Israel-Palestine war draws threats from Yemen’s Houthis of regional conflict
Yemen’s Iran-backed Houthi movement has issued a warning that it stands ready to engage in hostilities against Israel should the United States directly back the Israeli military campaign on the Gaza Strip.
In a televised address on Tuesday, Houthi leader Abdul Malik al-Houthi declared: "If the Americans directly intervene, we are prepared to partake in missile strikes, drone attacks, and other military actions.
"We are in full coordination with the axis of jihad and resistance to provide everything we can to support to the Palestinian people," he added.
On Saturday, Palestinian fighters poured into Israel from Gaza by land, sea and air, in a surprise attack that killed 1,200 Israelis. Since then, Israel has waged a bombing campaign on Gaza that has killed at least 1,200 Palestinians.

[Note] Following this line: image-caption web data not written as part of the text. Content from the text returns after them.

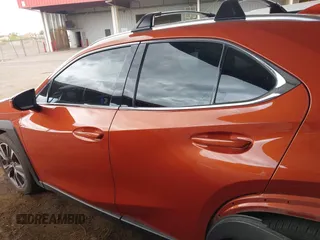 2019 Lexus UX 200 z VIN JTHY3JBH9K2005464, wystawiony jako IAAI lot #42196158 z przebiegiem 50 910 mil mil oraz . Historia ofert i sprzedaży dostępna na DreamBid. Obrazek 15.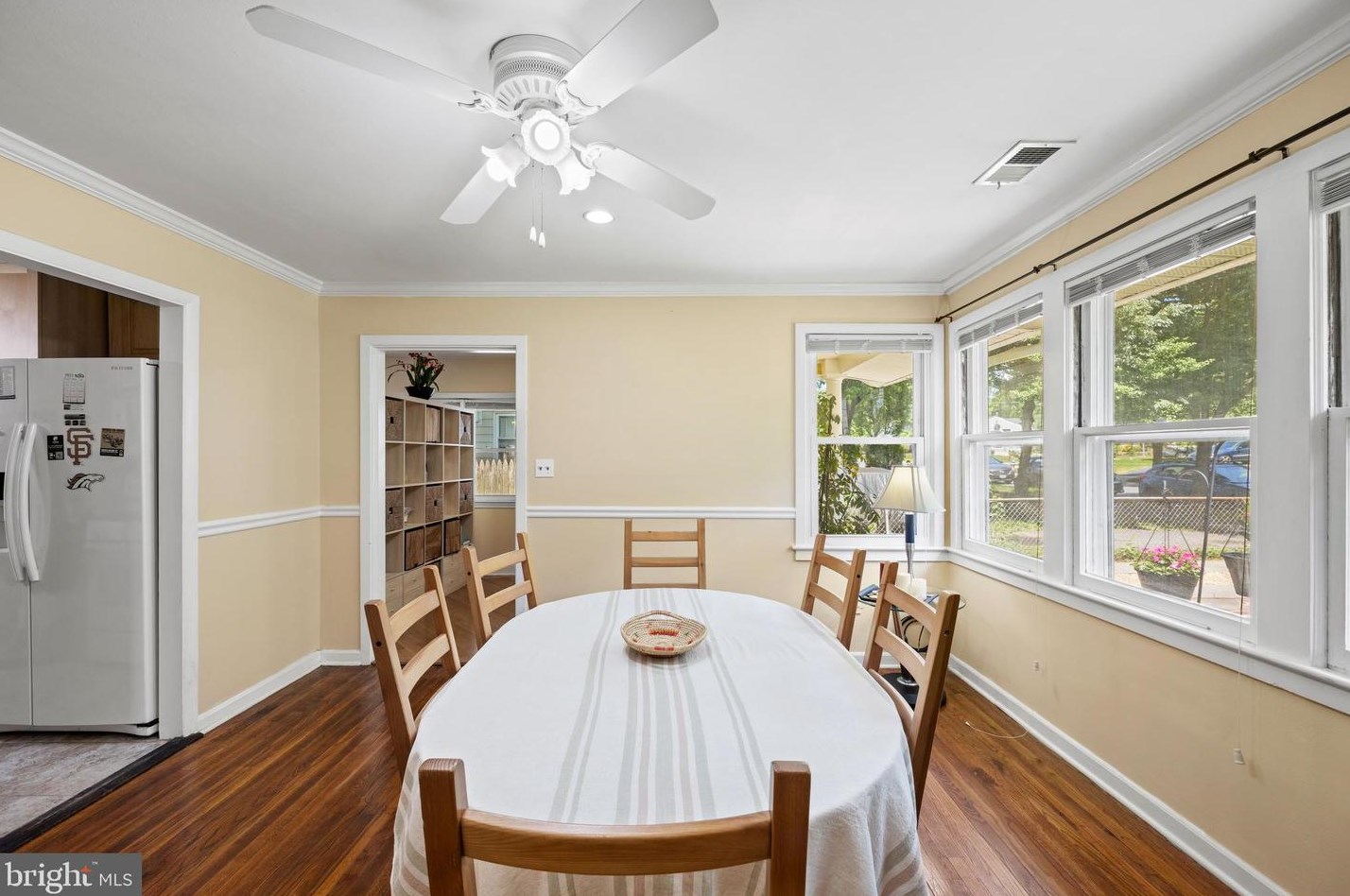 1127 Lewis Ave, Rockville MD 20851-2330 exterior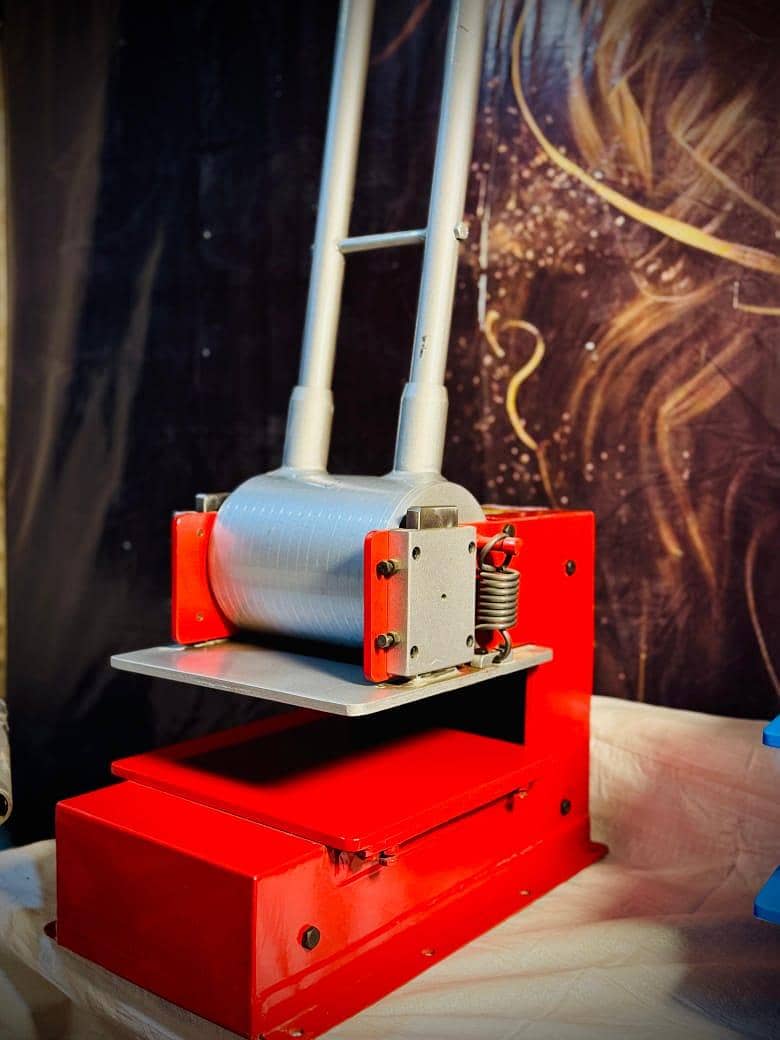 Slipper making machine 0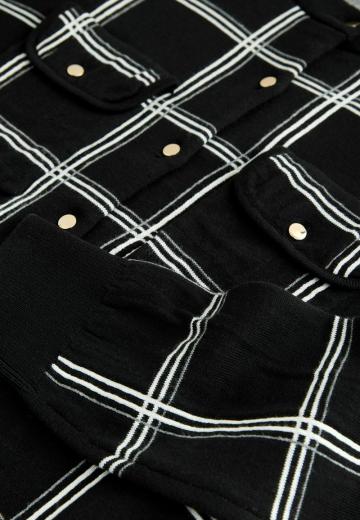 Куртка с накладнымит карманами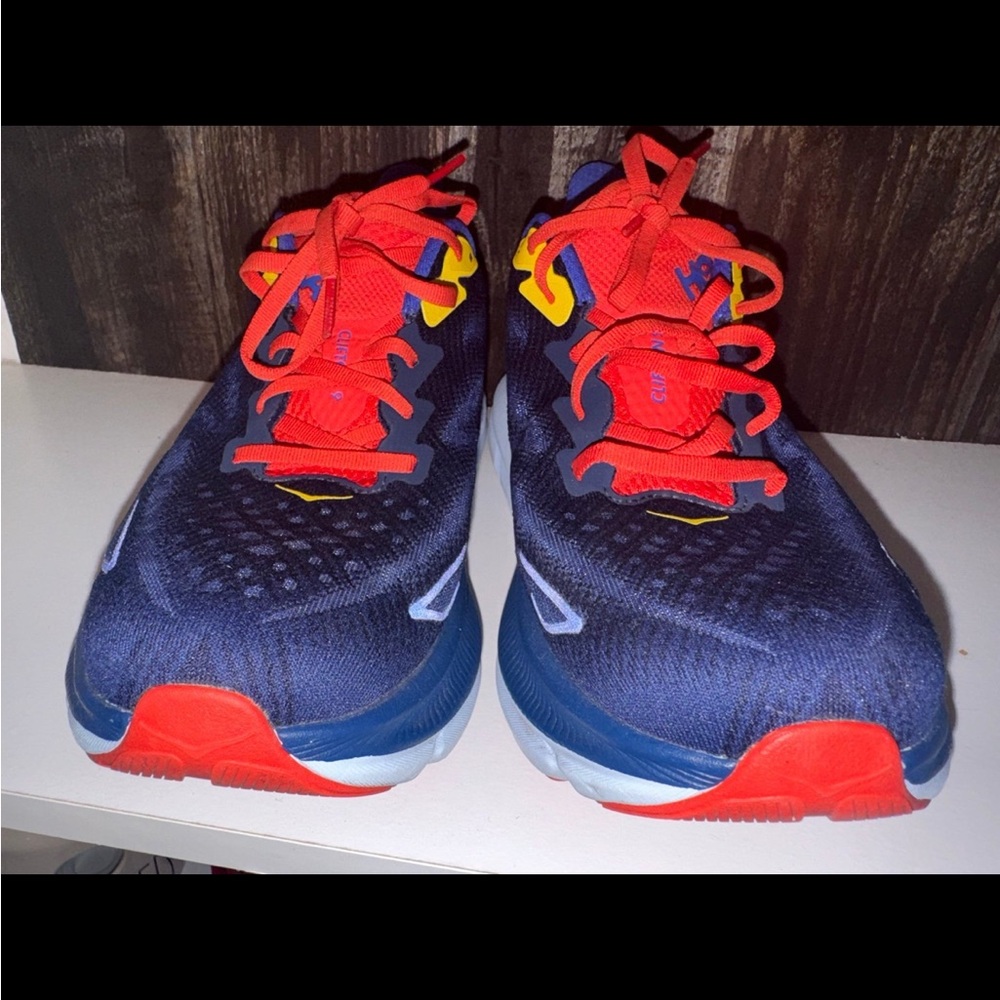 Hoka Clifton 9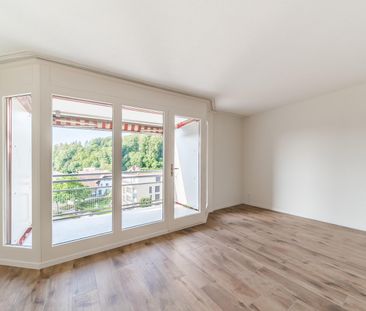 Luxuriöse 4.5-Zimmer-Wohnung für Familien in Toplage mit Ausblick, ... - Photo 3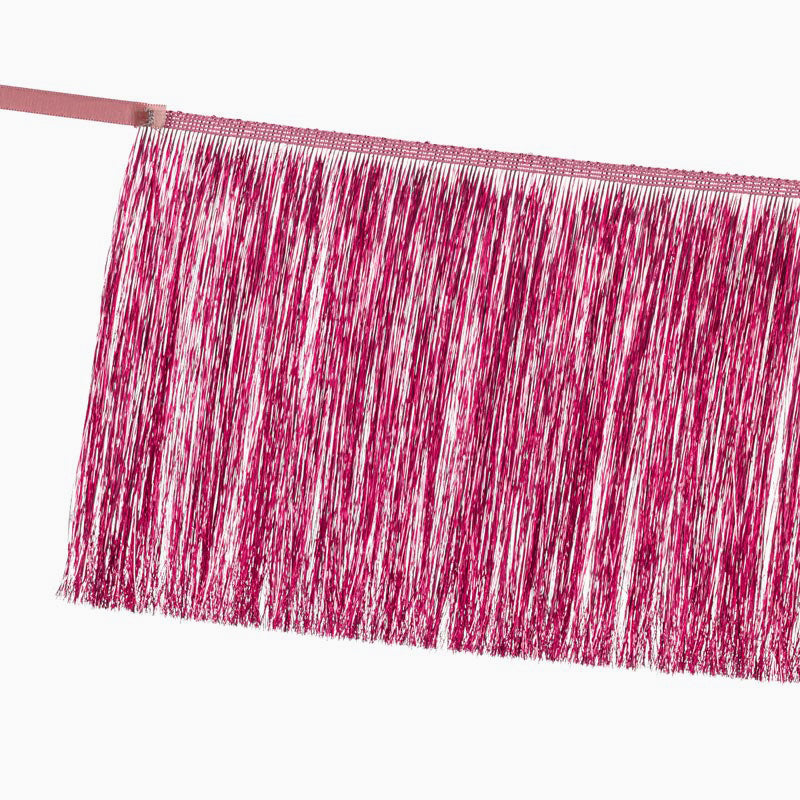 Rose Metallic Fringes Guirnalda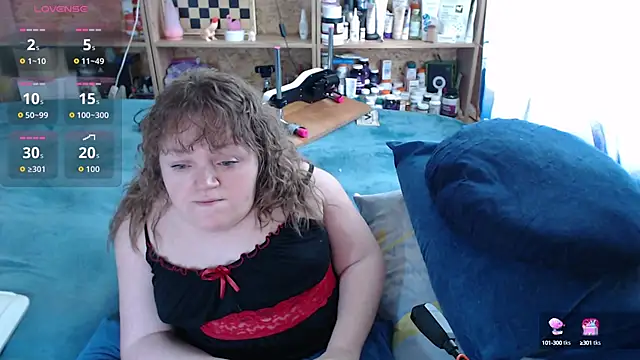 MiniNatalie online show from October 13, 2025, 9:33 am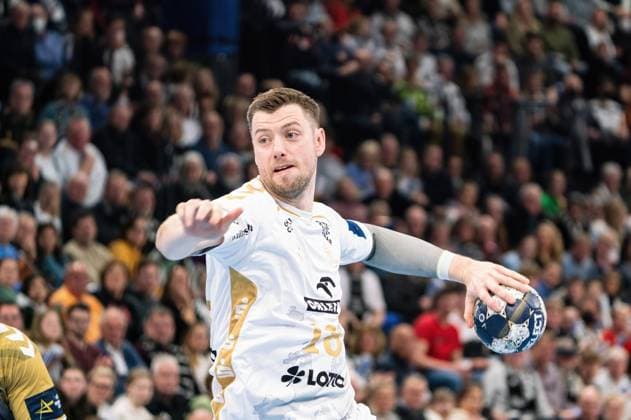 7 Meter Niclas Ekberg (THW Kiel 18) THW Kiel vs. Industria Kielce, Handball, EHF Champions League, Gruppenphase, Spieltag 11, Saison 2022 2023, 09.02.2023 -Pressefoto Marcel von Fehrn THW Kiel vs. Industria Kielce, Handball, EHF Champions League, Gruppenphase, Spieltag 11, Saison 2022 2023, 09.02.2023 Kiel Copyright: xEibner-Pressefoto MarcelxvonxFehrnx EP_EER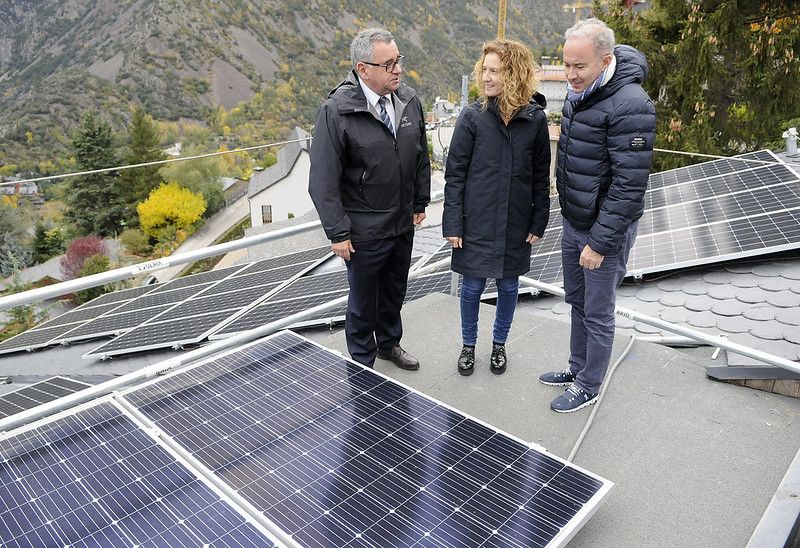 Mora ensenya la instal·lació a Moles i Calvó.
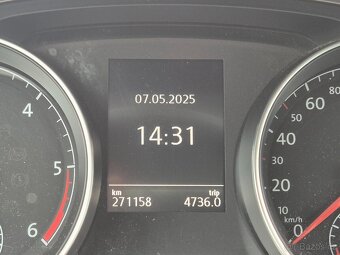 Prodám Volkswagen Golf 1.6, 77kw, r.v. 2013, STK do 4/2026 - 16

In his speech, the Houthi leader commended Saturday’s Hamas-led attack. "The operation disrupted the existing equilibrium and inflicted significant losses on the arrogant, criminal, aggressive, and oppressive Zionist enemy," he said.
While some observers have speculated that the assault might jeopardise the ongoing efforts between Saudi Arabia and Israel to establish formal relations, the Houthi leader emphasised the importance of its timing, "considering the circumstances and the broader regional context in which it unfolded".
Yemen has been at war since 2014, when the Houthi movement, also known as Ansar Allah, seized the capital Sanaa. Over nearly a decade, the conflict has resulted in deep divisions among civilians and pitted the Houthis against the internationally recognised government operating out of the southern city of Aden.
However, an unusual and unifying development has emerged, as both sides find common ground in condemning Israel and expressing solidarity with the Palestinian people.
Yemen's foreign ministry issued a statement, underscoring the need to "protect civilians and halt the provocations committed by Israeli occupying forces, which have persistently targeted the Palestinian people and their sacred sites”, echoing Hamas’ reasoning for the assault.
“These actions have long been a cause for concern, with warnings about their grave consequences," he added.
This represents one of the rare moments where the Saudi-backed government and Iran-aligned Houthis share a similar standpoint. Not only have Yemeni leaders voiced their unequivocal condemnation of Israel, but citizens from territory held by both sides have taken to the streets in substantial numbers.
'This presents an opportunity for the Houthis to reaffirm their commitment to the Palestinian cause, which they contend is at the core of their struggle'
- Ahmed Nagi, International Crisis Group
They have raised the Yemeni and Palestinian flags while expressing strong disapproval of Israel's bombardment of Gaza. Despite their internal differences, the conflict in Gaza has inspired a shared position of unity and support among Yemenis.
The Houthi threat to strike Israel is not a novel development, as they have issued similar warnings in the past.
In 2020, a Houthi official said that long-range missiles fired at Saudi Arabian oil facilities could also be used against Israel.
As the number of Palestinians killed by Israeli bombing grows, and the threat of a ground offensive in Gaza becomes more pronounced, there have been more calls from Houthi leaders to engage with and support Palestinian fighters.
Mohammed al-Bukhaiti, a member of the Houthi's political council and a spokesman for the movement, declared on X: "I believe that now is the opportune moment for the axis of resistance, represented by Yemen, Syria, Lebanon, Iran, and Iraq, to participate in the decisive battle against the occupying Zionist entity in support of our Palestinian brothers."
Ahmed Nagi, a senior analyst at the International Crisis Group think tank in Brussels, suggested that the messages conveyed by the Houthis aim to emphasise the regional dimension of their stance. To Israel’s north, Lebanon’s Hezbollah movement, too, has issued threats and there have been repeated flareups on the Lebanese-Israeli border.
"This presents an opportunity for the Houthis to reaffirm their commitment to the Palestinian cause, which they contend is at the core of their struggle, and their message embodies this principle," Nagi told Middle East Eye.
While the Houthi movement has demonstrated its capability to disrupt maritime lanes, given its previous attacks on ships in the Red Sea, it remains uncertain whether it possesses the means to reach Israel or the audacity to jeopardise American interests in the region.
Nagi asked: "What military capabilities might the Houthis possess if they decide to intervene? Do they have missile power capable of reaching Israel, or will their military actions target American interests in the region?"